Brief: Output must consist only of the lines of the material below from the one with "Lady Dior My ABCDior 手袋 天蓝色羊皮革藤格纹" through the one with "Healing Bulk Wholesale", each reproduced exactly; no pictures belong in it.

Listed records:
● ● ●

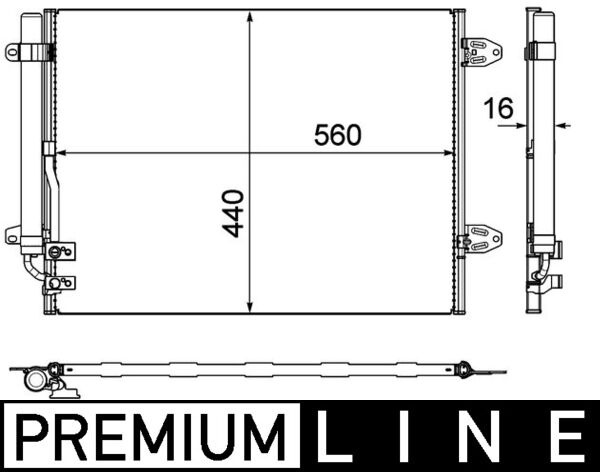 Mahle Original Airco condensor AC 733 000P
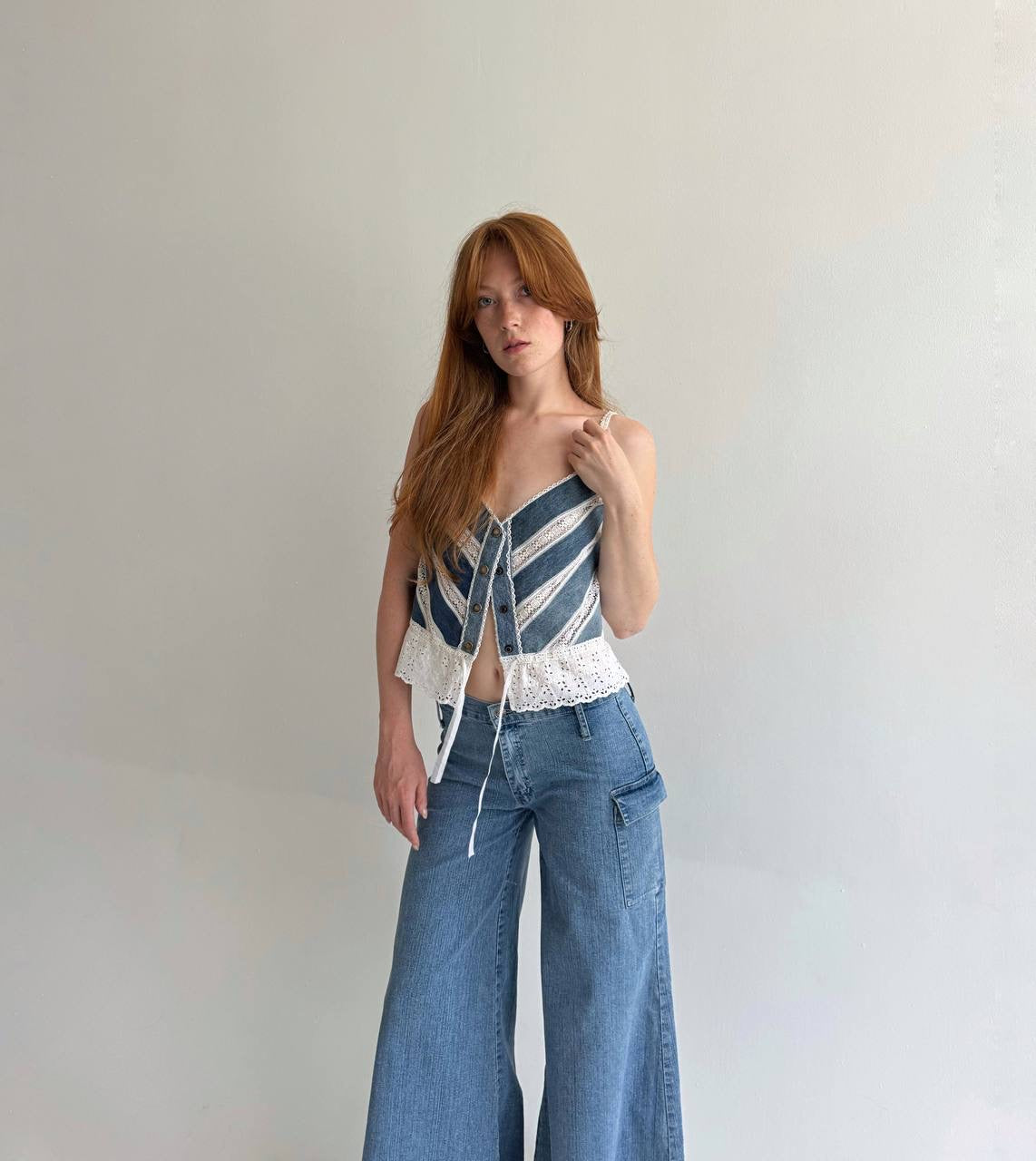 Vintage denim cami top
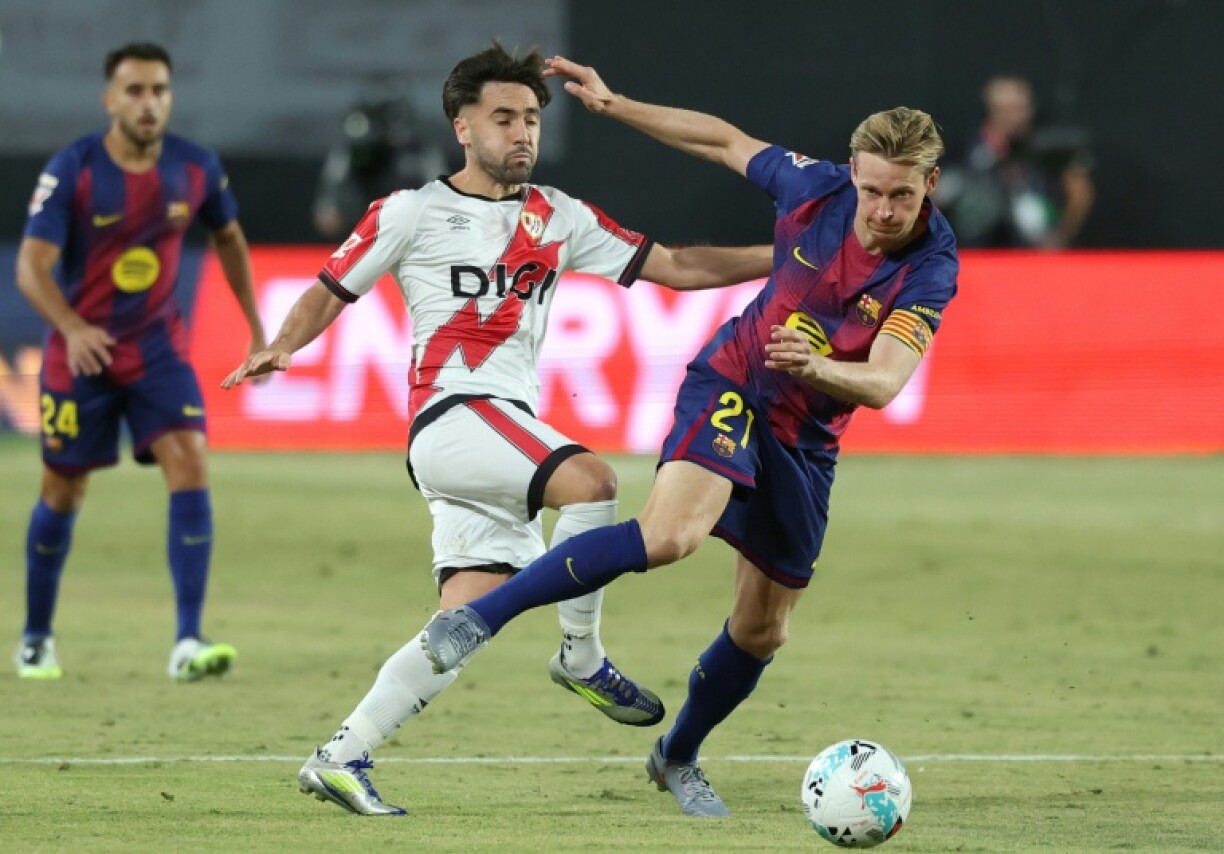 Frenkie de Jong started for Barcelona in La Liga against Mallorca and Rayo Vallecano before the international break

● ● ●

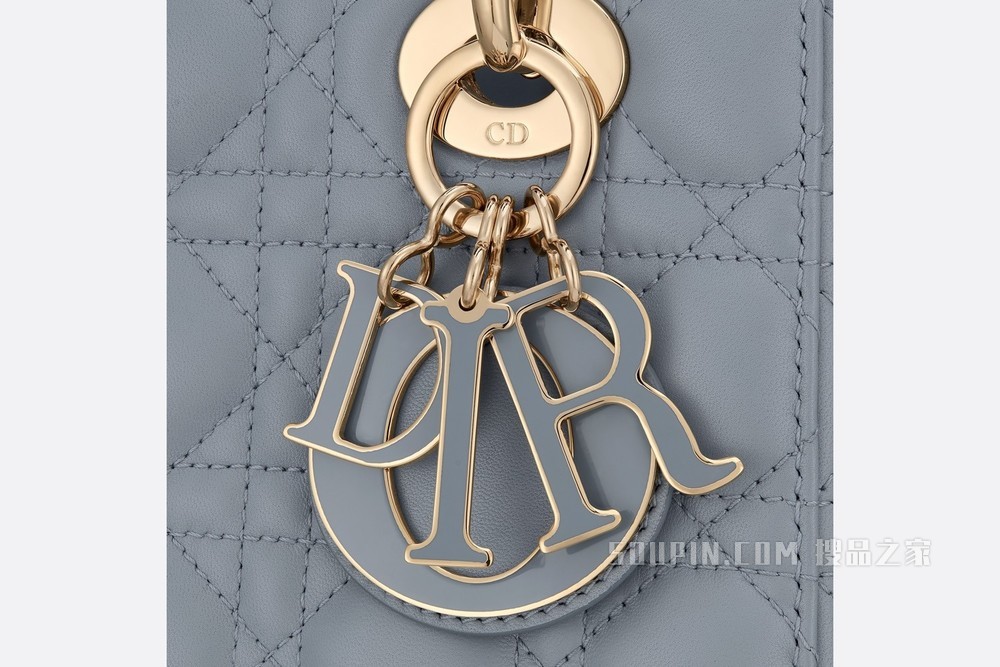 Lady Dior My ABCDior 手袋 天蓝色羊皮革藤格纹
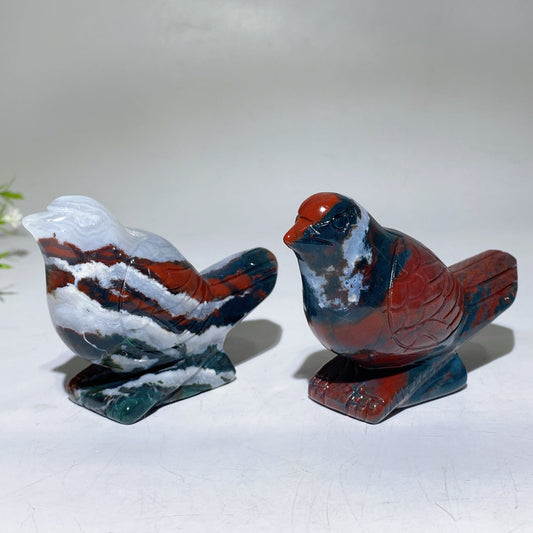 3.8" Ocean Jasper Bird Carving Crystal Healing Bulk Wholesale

● ● ●

Task answer:
 Lady Dior My ABCDior 手袋 天蓝色羊皮革藤格纹
 3.8" Ocean Jasper Bird Carving Crystal Healing Bulk Wholesale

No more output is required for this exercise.